* [WHAT YOU WILL DO] Give the listing again, word for word, and let no picture into it.

SUPPLIED DATA Start Marker

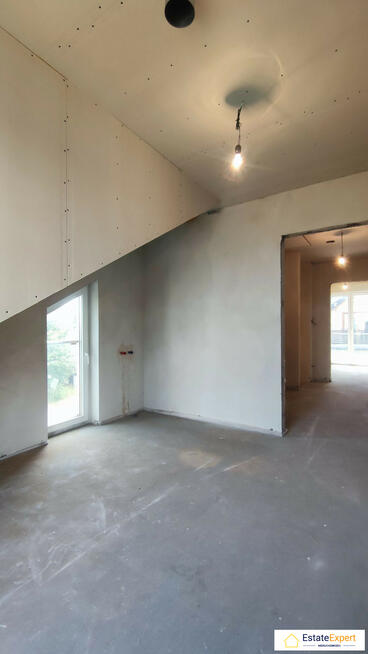 Dwa piętra komfortu - dom z ogrodem w otoczeniu natury.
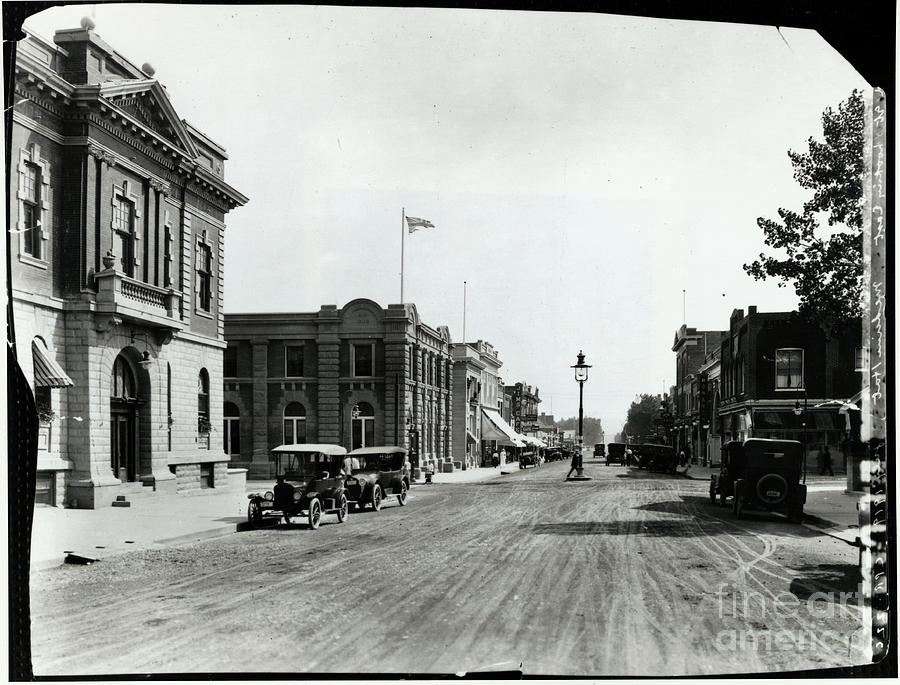1920s Street Scene Photograph by Bettmann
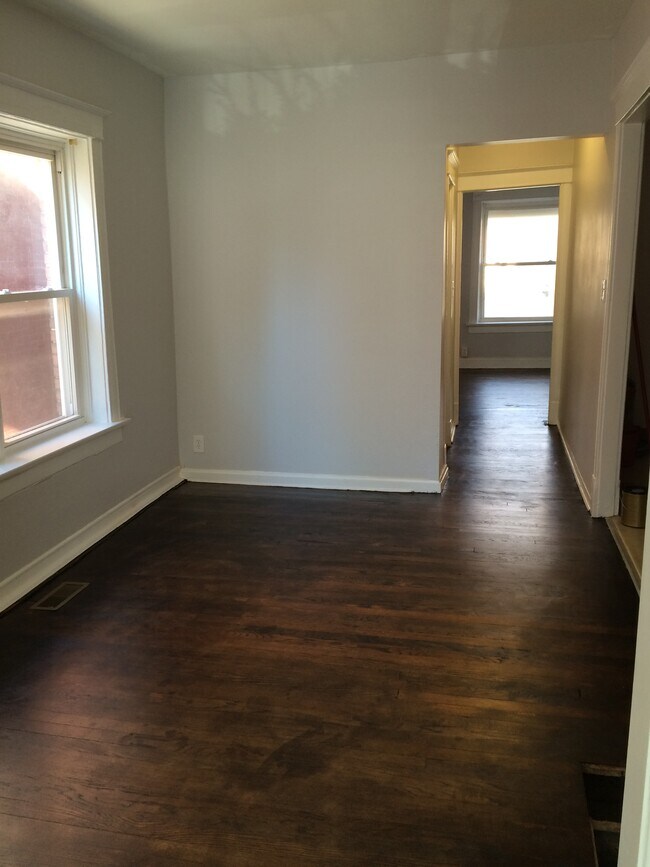 Building Photo - 3505 Magnolia Ave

SUPPLIED DATA End Marker

* [RESULT]
 Dwa piętra komfortu - dom z ogrodem w otoczeniu natury.
1920s Street Scene Photograph by Bettmann
 Building Photo - 3505 Magnolia Ave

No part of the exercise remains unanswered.